A recent Businessweek article claimed that the deficit is only 4.2% of GDP, down from over 10% in 2009. I can understand how two different analyses could yield different values. But 4.2% vs. the 100% that this article claims? How can that be? Somebody appears to be playing fast and loose with the truth, so many of us don't believe that ANY of these figures can be trusted.

T. Party
Pleasant Grove, UT

@JoeBlow "Tell me how the country did so well at times when tax rates were much higher."

Are you talking about marginal rates, or effective rates? At most of the times in our history which fit your description (high marginal rates coinciding with relative prosperity), there were also plenty of loopholes which allowed high earners to shelter their money. Effective rates were equal to or lower than today's rates, if you had a good tax planner -- and most of them did.

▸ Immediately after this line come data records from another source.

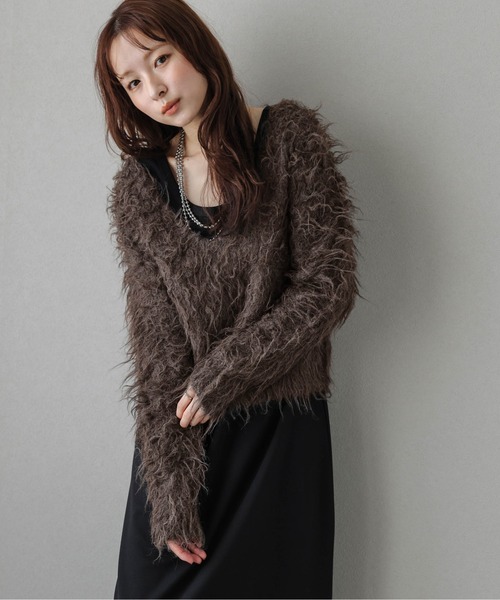 AMELY(エミリー)の「Vネックシャギーニットトップス(ニット/セーター・レディース・アイボリー/ブラック/ベージュ/ライトグレー/ブラウン・フリー)」の4枚目の写真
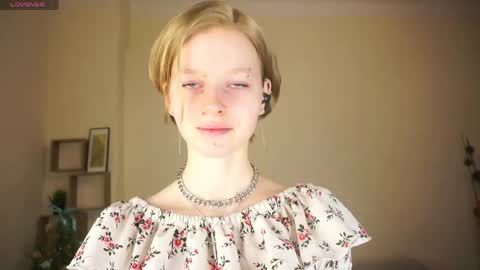 Hello Im Roxy Im just starting my journey here so lets get acquainted online show from March 29, 4:19 pm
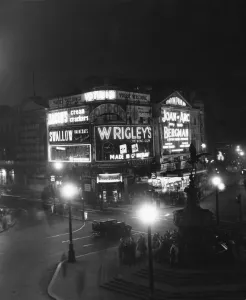 1949 Prints: Piccadilly Circus at night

But we were talking about revenue collections, weren't we? I'll ask you this: how did government revenues fare during the times to which you refer? Did they go up, as you seem to expect? Take a look at the history and get back to me. I think you'll be surprised.

Doylestown, PA

Bob presents the problem but offers only one solution. He pretends that there is no such thing as raising revenue through taxes or closing loopholes. This solution is not mentioned in his editorial at all. His comments point to his vision of the world where the wealthy have no responsibility to improve the society in which they live. The root of the problem is not the size of the budget but the failure of those who earn the most to pay their share to reduce the deficit. During the Republican administration of Dwight Eisenhower, the top income bracket of earners over $400K was reduced from 92% to 91%. It is probably not a coincidence but if you were to tax all income over $400K at 91% today, the budget deficit of $1.090 trillion would be eliminated almost to the penny. The debt was rung up by our Republican “friend” G.W. Bush. He played a game of accounting smoke and mirrors by cutting taxes and regulations basically gutting programs that are necessary to maintain a healthy economy resulting in the need for an expensive clean up job that ballooned the total debt.

Far East USA, SC

"Are you talking about marginal rates, or effective rates? "

Regardless of how you slice it, the lowest personal tax rates under Reagan were higher than they are today.

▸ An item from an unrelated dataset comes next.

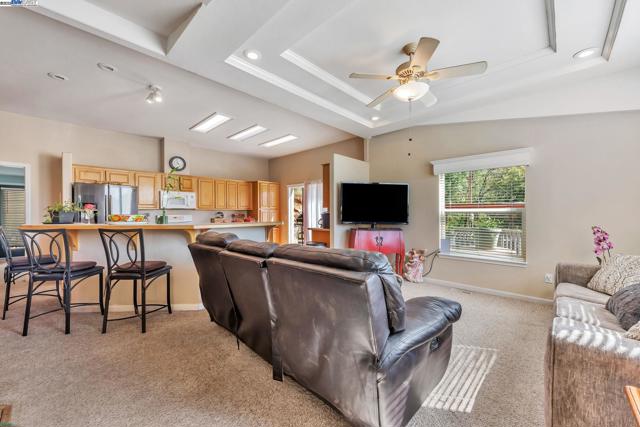 3698 Braden Road, Camino CA: https://media.crmls.org/mediaz/a18680c2-ddb6-4cc9-847e-09df67c36e9e.jpg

Reagans lowest tax rate was in 1988 ant it was 28%. That was for one year. In his other years, the tax rates were higher, with the top tax rate being 70%.

However, under Reagan, the 28% top rate kicked in at $17,850 for individuals and $30,000 ($55K in today's Dollars) for married couples.

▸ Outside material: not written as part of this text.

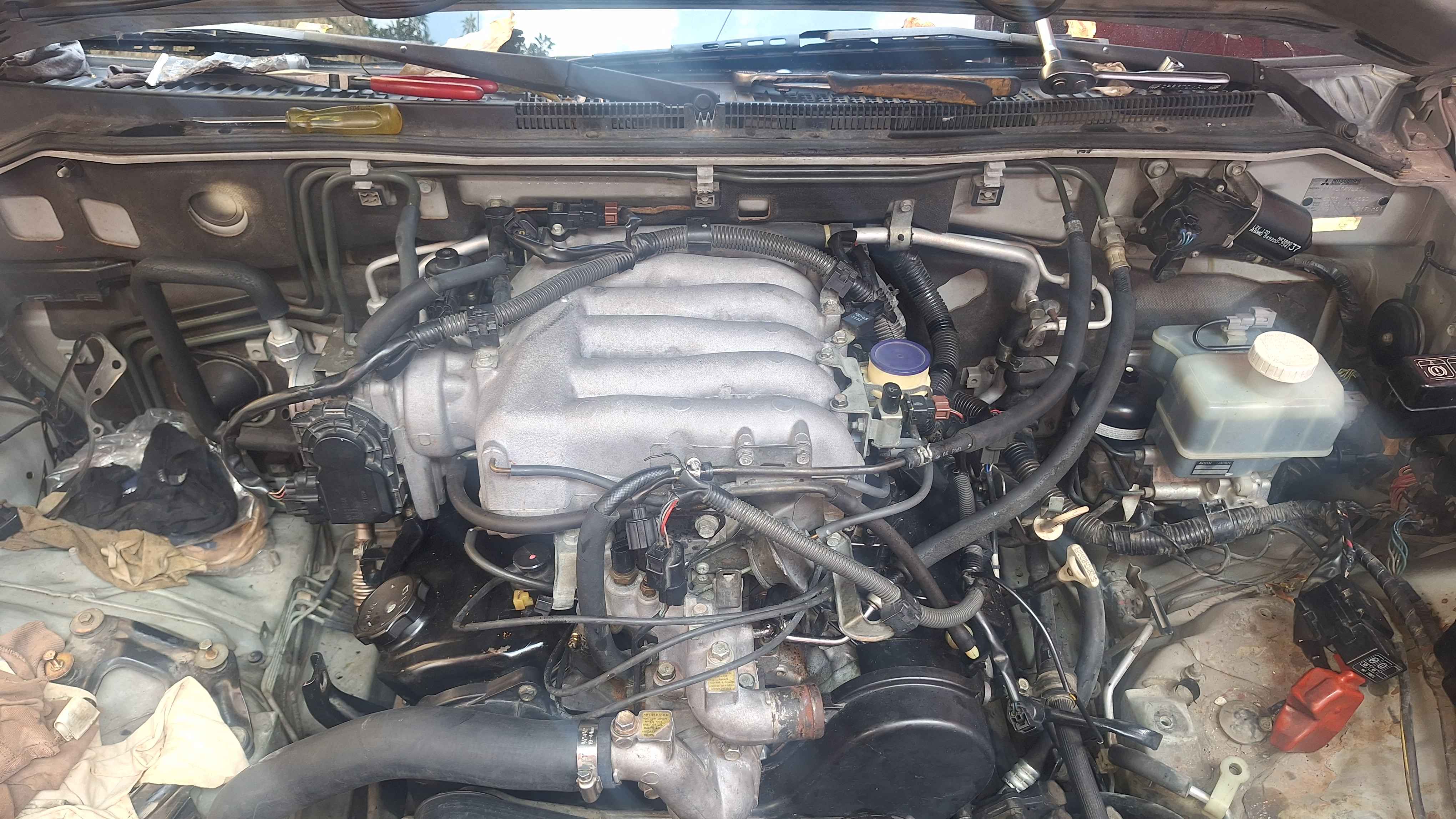 Motor armado de Mitsubishi Montero despu&eacute;s de cambio de sellos y bomba de agua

Today - the 28% tax rate kicks in at $146000
Today's highest tax rate is 39.6% but only for incomes over $450K.

So, Yes, tax rates are lower today than in Reagan's days. Much, Much lower than most of Reagan's tax rates. And the country did well under Reagan.

Tax rates are lower today than under Clinton. And the country did well then also.

I am not suggesting that higher tax rates cause the country to do well, but history has shown that today's tax rates are not an economy killer.

T. Party
Pleasant Grove, UT

@JoeBlow "Regardless of how you slice it..."

Actually, "how you slice it" turns out to be very important. What matters is the percentage of income the taxpayer actually ends up paying -- his effective tax rate. You have completely dodged this question. We have fewer loopholes available today than in Reagan's day.

You also completely ignored my question about revenue collections, so I'll supply the answer. Historically, higher tax rates have not caused revenues to increase. As it turns out, people handle their affairs differently under higher tax rates, finding creative ways to preserve as much of their income as possible. Revenue collections stay fairly constant as a percentage of GDP.

Higher tax rates won't solve the problem. Please look at history.

Far East USA, SC

Sorry, didnt think I had to get into the dirt.

I will agree that few if any were paying the 70% rate. But, it would take huge deductions to get to the "Effective" rates we have today.

Even with Reagans 50% top tax rate.
I dont care how good your accountant is.

But hey, Convince me. Show me the deductions available under Reagan that don't exist today.

I seriously doubt that the effective rate under Reagan was lower than today. And it darn sure was not noticeably lower.